We’re getting into the thick of the Shooting Stars mini-series, so if you haven’t checked out the first two books, Cinnamon and Ice, make sure you do! So let’s dive into my review of Rose, which promises a truer return to typical V.C. Andrews form. Here’s a look at the synopsis:
WHEN SHE DANCED, SHE COULD DREAM…
Beautiful and talented, Rose was the apple of her father’s eye. But when he is tragically taken from her, his carefully hidden secrets destroy the only life Rose has ever known–and lead her into a world of luxury unlike any she has imagined. Rose is whisked off to a prestigious private school, while her mother falls into a hateful whirlwind of wealth and greed. But a most unlikely person will show Rose the true meaning of family–and give her the courage to follow her dream…
About the Book
Rose is the third book in the Shooting Stars series. Out of the three protagonists thus far, Rose is the most true to the V.C. Andrews stereotype: white, innocent, and naive. The book takes place in early 00’s Atlanta, Georgia. There are prominent references particularly to the emerging Internet culture at the time. Having spent my teenage years in the early aughts, I can attest that the references come off pretty dated.
My Copy
Compared to my copy of Cinnamon and Ice, Rose seems to have fared well in the hands of previous readers. It sports the standard spine creases and dog-eared edges. The cover, however, is creased from being opened all the way. I’m also missing the very first page that contains an excerpt and the updated list of all V.C. Andrews’ books.
My 4-year-old daughter also gravitated heavily towards this book. It’s the one she pretends to read more than all my other books.

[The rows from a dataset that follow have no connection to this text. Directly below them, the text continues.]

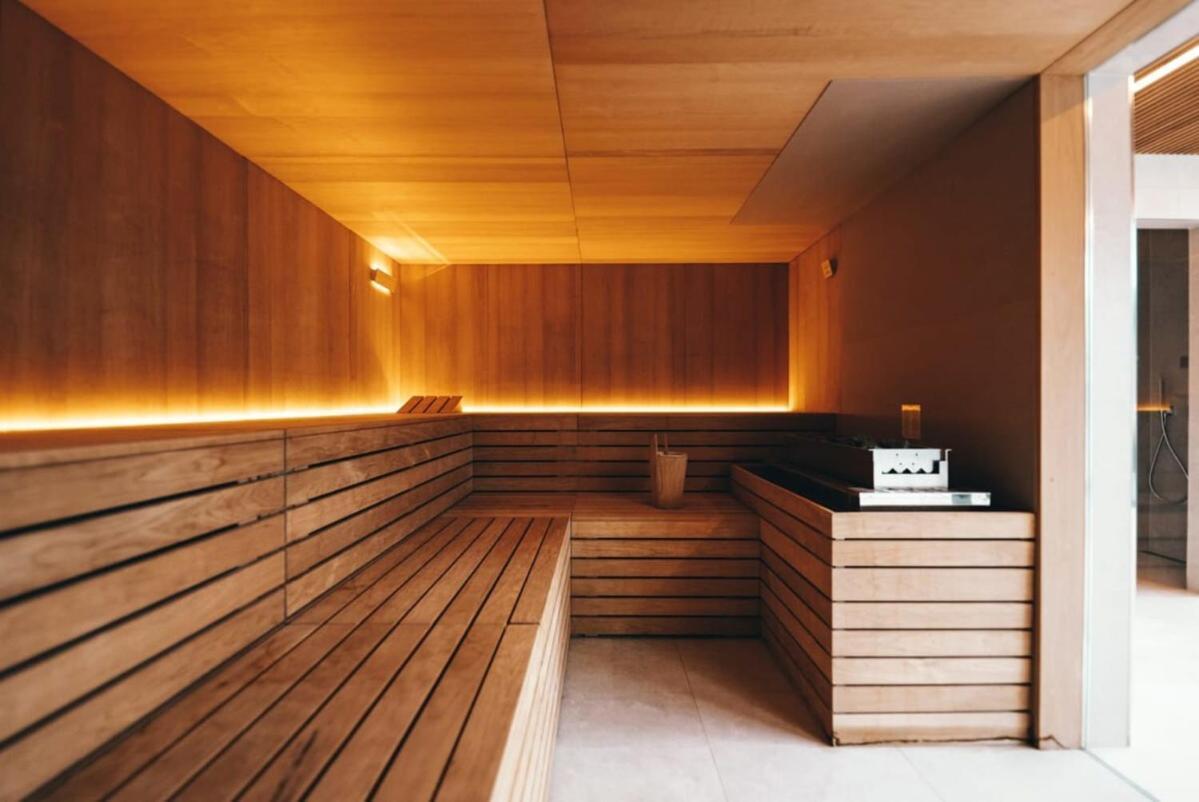 Appartement De Luxe 1 Chambre A Coucher, Centre Commercial, Piscine Et Fitness Luxemburg Exterior foto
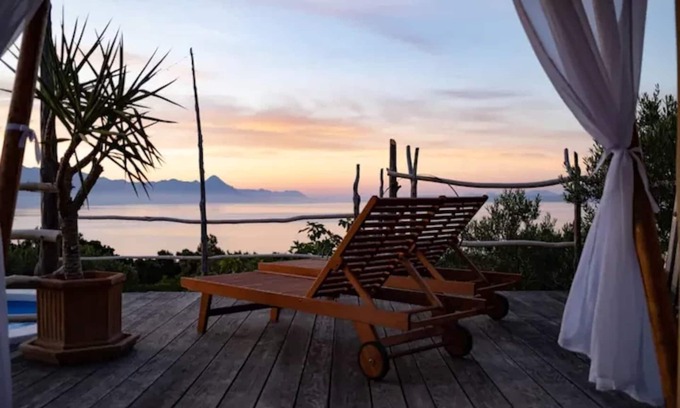 Selca Cottage | Lovely Cottage with sea views in Selca, Croatia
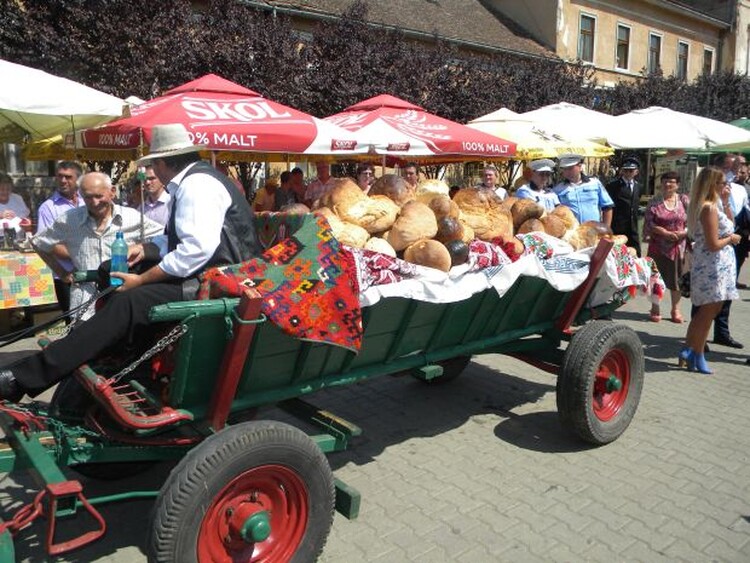 <em>Hír szerkesztése</em> Az új kenyér ünnepe Pécskán [AUDIÓ]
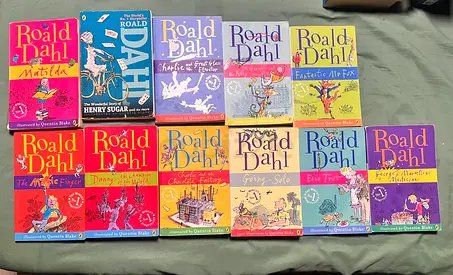 Collection of 12 Roald Dahl Childrens Books - Mixed Titles (Used)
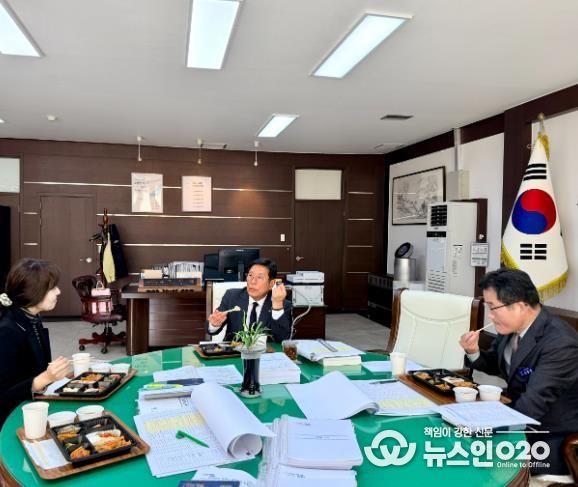 조상래 곡성군수와 군 관계자들이 도시락 회의를 하며, 2026년 예산안을 검토하고 있는 모습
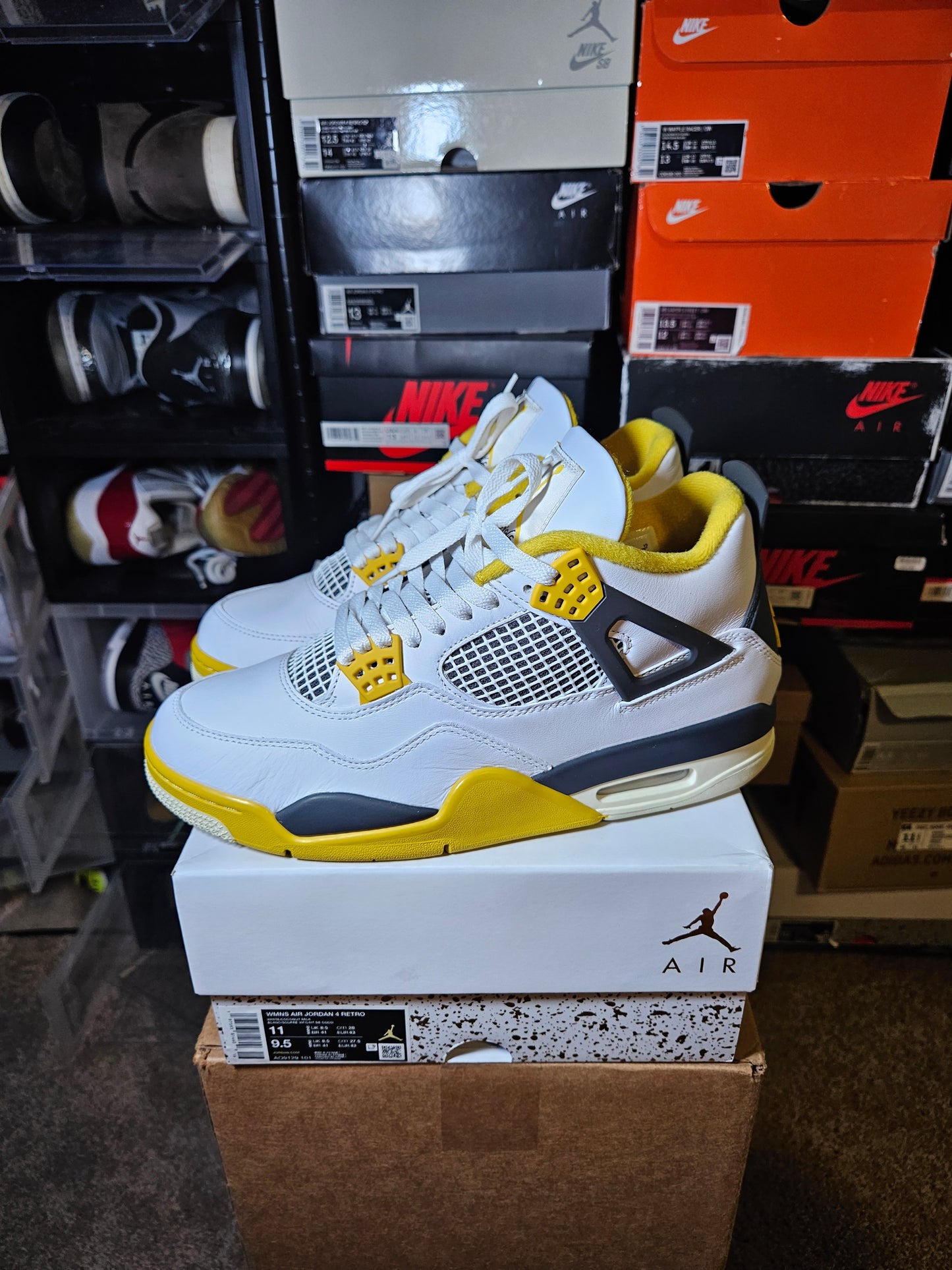 Size 11W/9.5M - AJ 4 Retro Vivid Sulfur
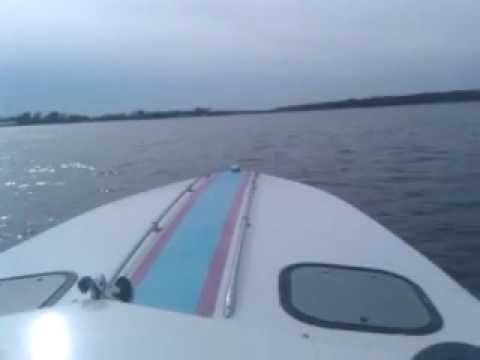 Vector Python 24ft  chain of lakes (grass lake) IL. nude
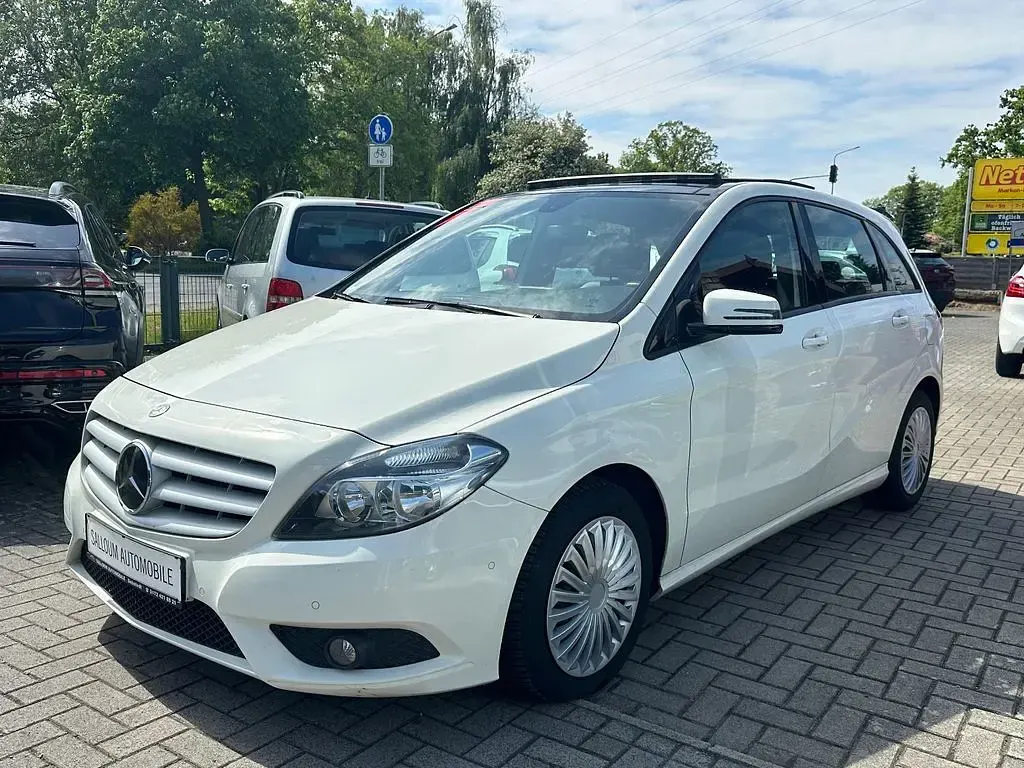 Gebraucht Mercedes B180 122 PS (89 kW) 2013 Weiß Kleinwagen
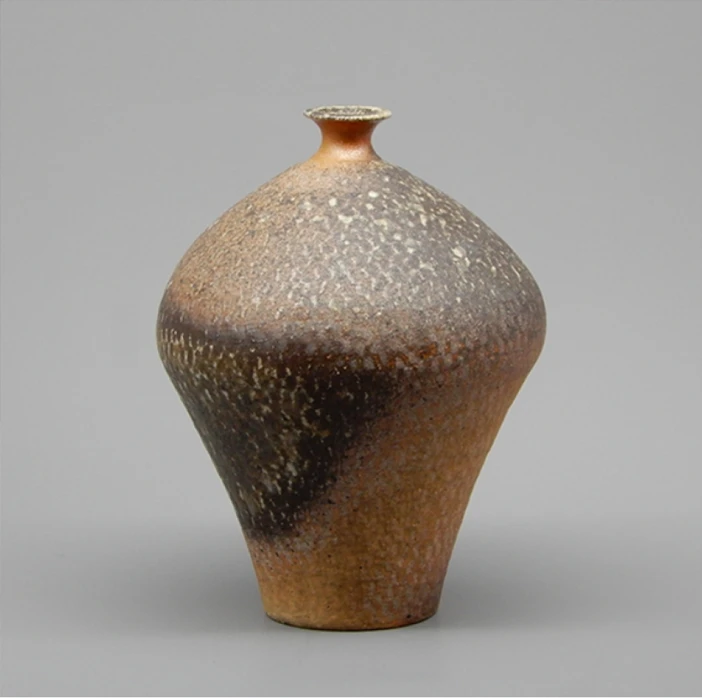島岡桂「(角窯)灰被縄文象嵌梅瓶」
(幅21×奥行21×高さ29cm)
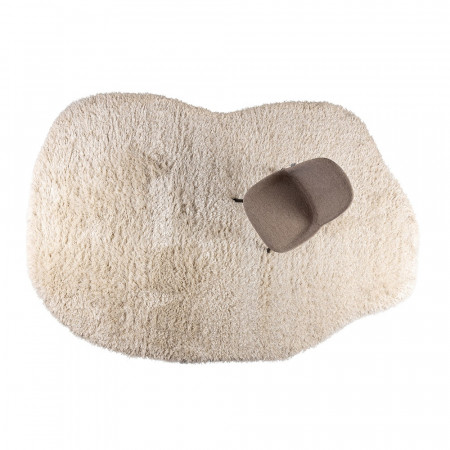 Tapis de salon beige moelleux à poils longs et de forme organique - Tasty 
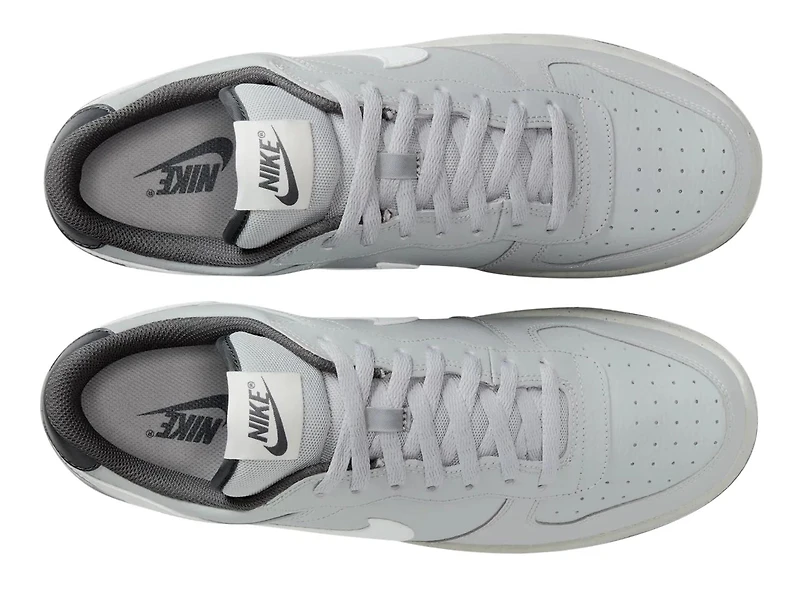 Big Nike Low Sneaker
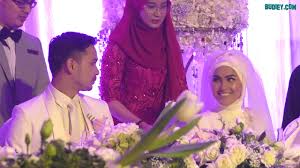Berita gembira itu telah dikongsi elfira menerusi akaun instagram beliau pada hari yang sama beliau bersalin. Majlis Resepsi Elfira Loy Faris 5 Januari 2019 Di Picc Putrajaya Youtube
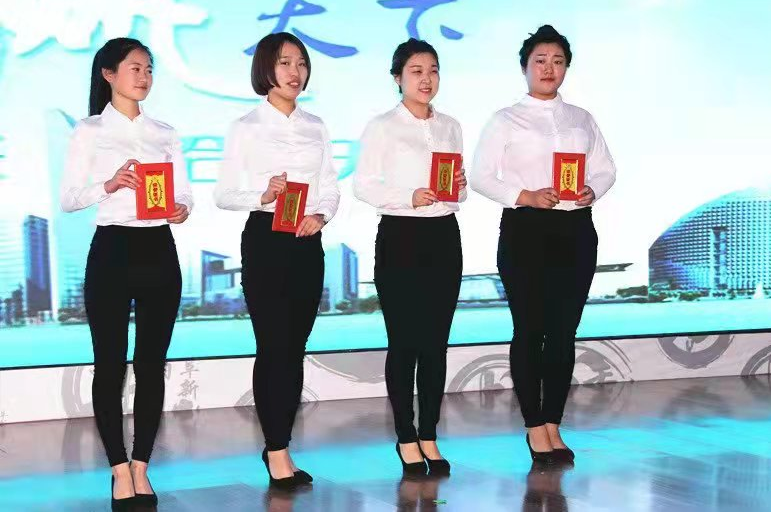 1643167071110157.png 大數(shù)據(jù)與軟件專業(yè)人才培養(yǎng).png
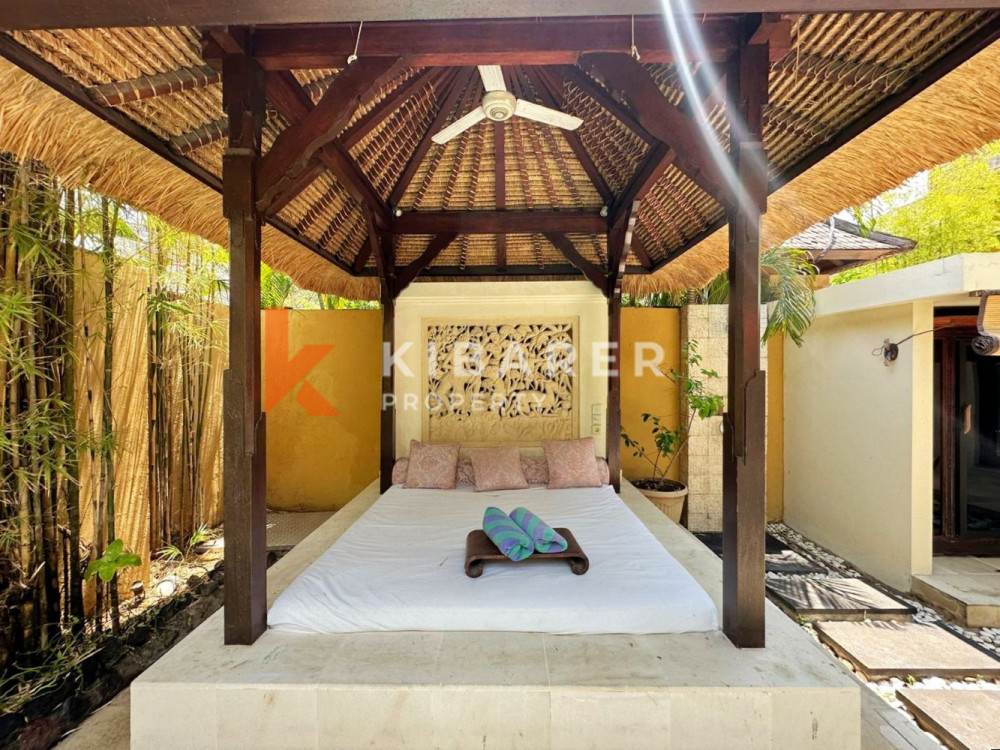 Gorgeously Three Bedroom Enclosed Living Villa In Prime Area Of Seminyak — image 4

Probably because it’s pink and shiny. It’s amusing so see her to drawn to the covers. There’s really something about them that draws its audience in. Even with the brand update in 1996 with the Logan series, the look really remains true to the aesthetic of “gothic horror”.
Compare the look of these books to today’s modern V.C. Andrews covers that scream 2010’s forgettable teen lit. So forgettable. So cheap. Nothing a stock photo subscription and a few Photoshop presets can’t achieve, hey?
The Review
The other two books in the Shooting Stars series were both lackluster renditions of a V.C. Andrews tale. I think Ice did a better job of taking the formula and applying it to a new situation (a black character in an urban setting).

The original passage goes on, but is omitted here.